Exercise description: Set down a faithful copy of every record, and skip the pictures in it.

Caption-style text data:
------------------------------------------------------------

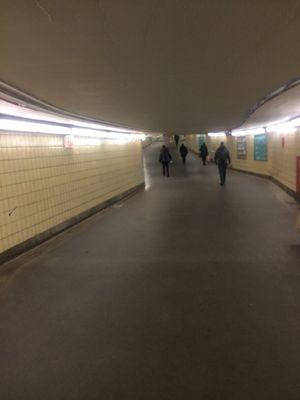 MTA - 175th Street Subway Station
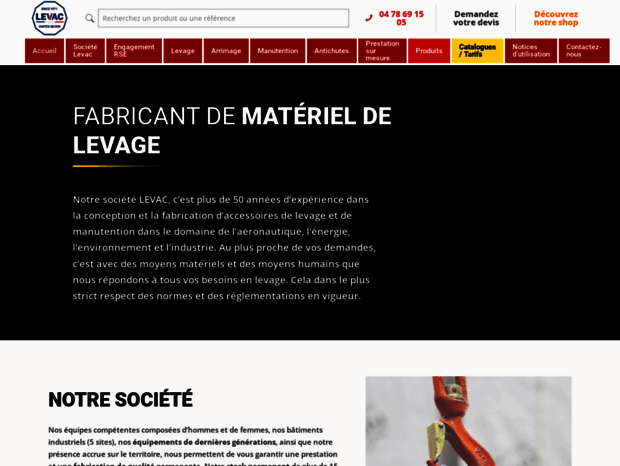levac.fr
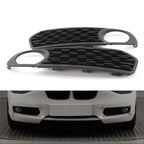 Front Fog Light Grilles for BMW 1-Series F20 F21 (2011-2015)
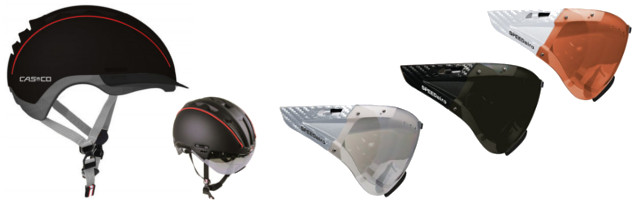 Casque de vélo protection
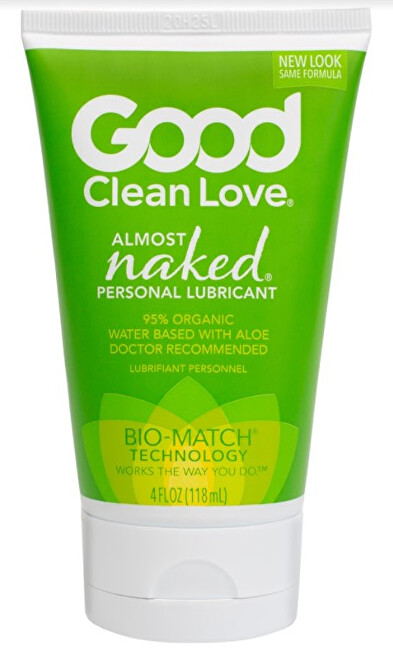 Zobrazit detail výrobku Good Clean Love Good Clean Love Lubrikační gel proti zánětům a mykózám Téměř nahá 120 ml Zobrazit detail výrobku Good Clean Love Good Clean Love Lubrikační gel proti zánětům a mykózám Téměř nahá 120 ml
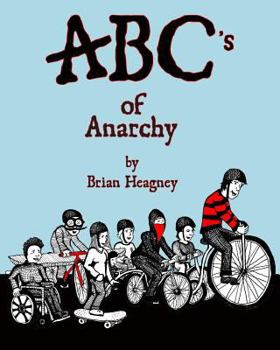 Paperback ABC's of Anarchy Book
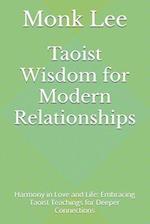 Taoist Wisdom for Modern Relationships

------------------------------------------------------------

Answer to the problem:
 MTA - 175th Street Subway Station
levac.fr
 Front Fog Light Grilles for BMW 1-Series F20 F21 (2011-2015)
 Casque de vélo protection
 Zobrazit detail výrobku Good Clean Love Good Clean Love Lubrikační gel proti zánětům a mykózám Téměř nahá 120 ml Zobrazit detail výrobku Good Clean Love Good Clean Love Lubrikační gel proti zánětům a mykózám Téměř nahá 120 ml
 Paperback ABC's of Anarchy Book
 Taoist Wisdom for Modern Relationships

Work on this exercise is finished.